Course pages 2018–19
Cryptography
Principal lecturer: Dr Markus Kuhn
Taken by: Part II CST 50%, Part II CST 75%
No. of lectures: 16
Suggested hours of supervisions: 3-4
Prerequisite courses: Mathematical Methods I from the NST Mathematics
course, Discrete Mathematics, Complexity Theory
Aims
This course provides an overview of basic modern cryptographic techniques and covers essential concepts that users of cryptographic standards need to understand to achieve their intended security goals.
Lectures
- Cryptography. Overview, private vs. public-key ciphers,
MACs vs. signatures, certificates, capabilities of adversary,
Kerckhoffs’ principle.
- Classic ciphers. Attacks on substitution and transposition
ciphers, Vigenére. Perfect secrecy: one-time pads.
- Private-key encryption. Stream ciphers, pseudo-random
generators, attacking linear-congruential RNGs and LFSRs. Semantic
security definitions, oracle queries, advantage, computational
security, concrete-security proofs.
- Block ciphers. Pseudo-random functions and permutations.

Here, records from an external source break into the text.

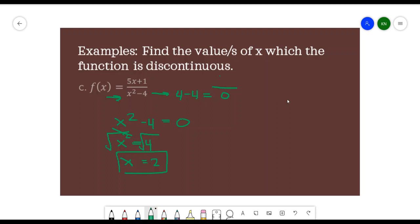I hope you learned something from this video. That's how we determine the discontinuity and continuity of a function. Please don't forget to like and subscribe. Thank you very much, everyone.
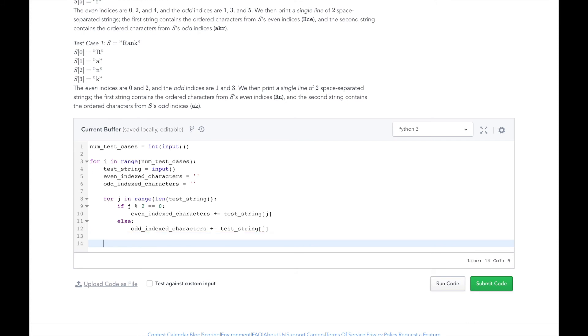When we are done iterating over all the characters, we will print our output of the two variables separated by a space.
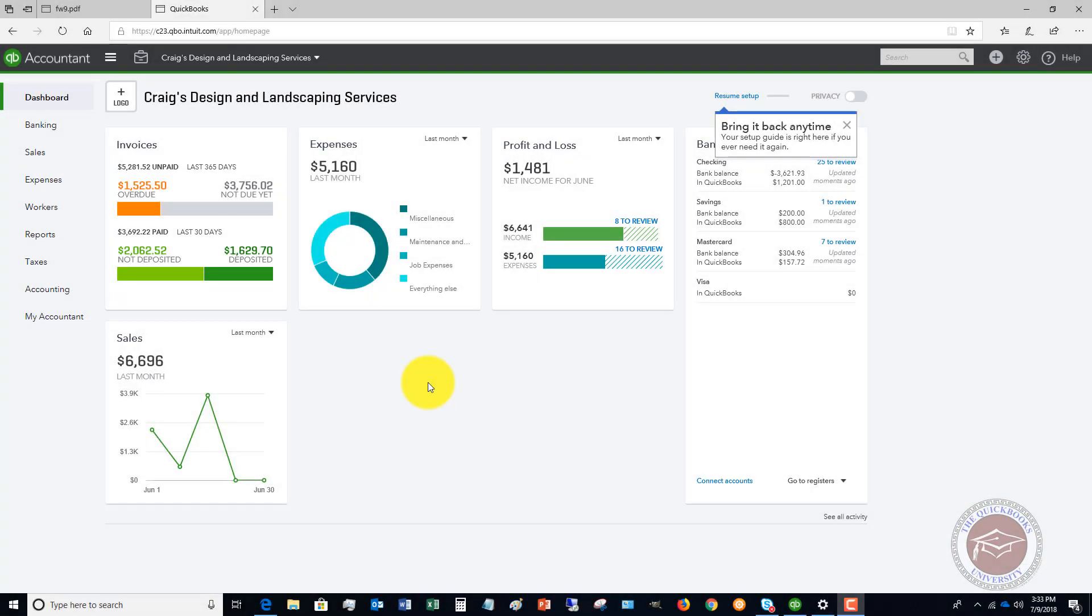Welcome to QuickBooks University. My name is Matt Holtquist. Thank you for joining me in this video. What I want to do is go through how to correctly set up a vendor in QuickBooks Online.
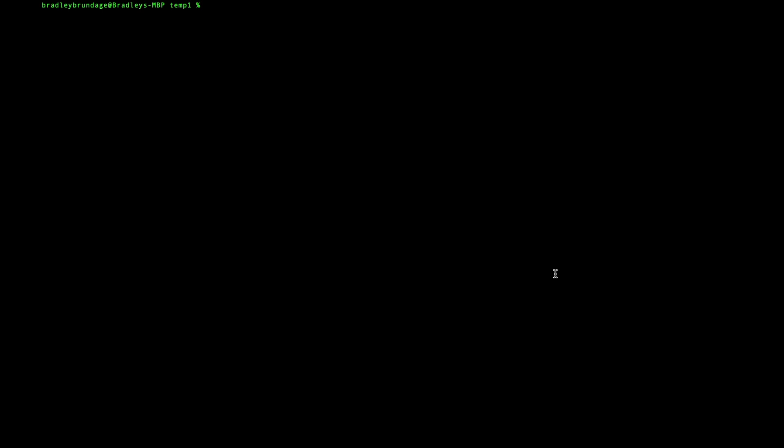Now if, for example, we tried to do WGET google.com, and because it's wanting a particular file name, we'll just use index.html. We will get this command that WGET is not found.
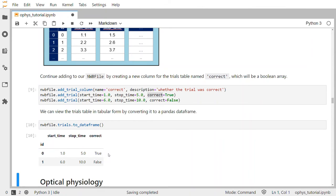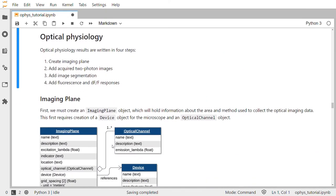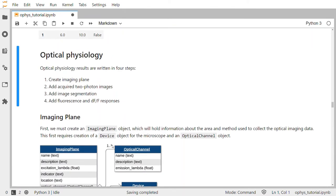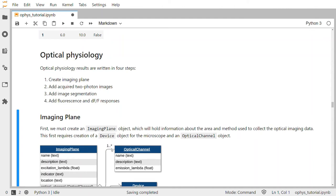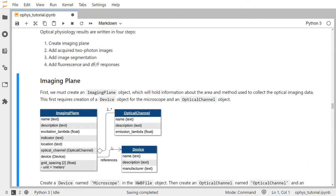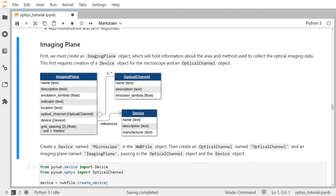Now let's store data specific to an optical physiology experiment. Optical physiology results are written in four main steps: first, we create an imaging plane that stores metadata about the imaging plane; then we add the raw acquired two-photon images; then we add the image segmentation results into ROIs; and finally we add the fluorescence or DF over F responses. So first, we must create an imaging plane object which will hold information about the area and the method used to collect the optical imaging data.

Birthday problem, random mappings. Feistel/Luby-Rackoff structure,
DES, TDES, AES.
- Chosen-plaintext attack security. Security with multiple
encryptions, randomized encryption. Modes of operation: ECB, CBC,
OFB, CNT.
- Message authenticity. Malleability, MACs, existential
unforgeability, CBC-MAC, ECBC-MAC, CMAC, birthday attacks,
Carter-Wegman one-time MAC.
- Authenticated encryption. Chosen-ciphertext attack
security, ciphertext integrity, encrypt-and-authenticate,
authenticate-then-encrypt, encrypt-then-authenticate, padding oracle
example, GCM.
- Secure hash functions. One-way functions, collision
resistance, padding, Merkle-Damgård construction, sponge
function, duplex construct, entropy pool, SHA standards.
- Applications of secure hash functions. HMAC, stream
authentication, Merkle tree, commitment protocols, block chains,
Bitcoin.
- Key distribution problem. Needham-Schroeder protocol,
Kerberos, hardware-security modules, public-key encryption schemes,
CPA and CCA security for asymmetric encryption.
- Number theory, finite groups and fields. Modular
arithmetic, Euclid’s algorithm, inversion, groups, rings, fields,
GF(2n), subgroup order, cyclic groups, Euler’s theorem, Chinese
remainder theorem, modular roots, quadratic residues, modular
exponentiation, easy and difficult problems. [2 lectures]
- Discrete logarithm problem. Baby-step-giant-step algorithm,
computational and decision Diffie-Hellman problem, DH key exchange,
ElGamal encryption, hybrid cryptography, Schnorr groups,
elliptic-curve systems, key sizes. [2 lectures]
- Trapdoor permutations. Security definition, turning one
into a public-key encryption scheme, RSA, attacks on “textbook”
RSA, RSA as a trapdoor permutation, optimal asymmetric encryption
padding, common factor attacks.
- Digital signatures. one-time signatures, ElGamal
signatures, DSA, RSA signatures, Certificates, PKI.
Objectives
By the end of the course students should
- be familiar with commonly used standardized cryptographic
building blocks;
- be able to match application requirements with concrete security
definitions and identify their absence in naive schemes;
- understand various adversarial capabilities and basic attack
algorithms and how they affect key sizes;
- understand and compare the finite groups most commonly used with
discrete-logarithm schemes;
- understand the basic number theory underlying the most common
public-key schemes, and some efficient implementation techniques.
Recommended reading
Katz, J., Lindell, Y. (2015). Introduction to modern cryptography. Chapman & Hall/CRC (2nd ed.).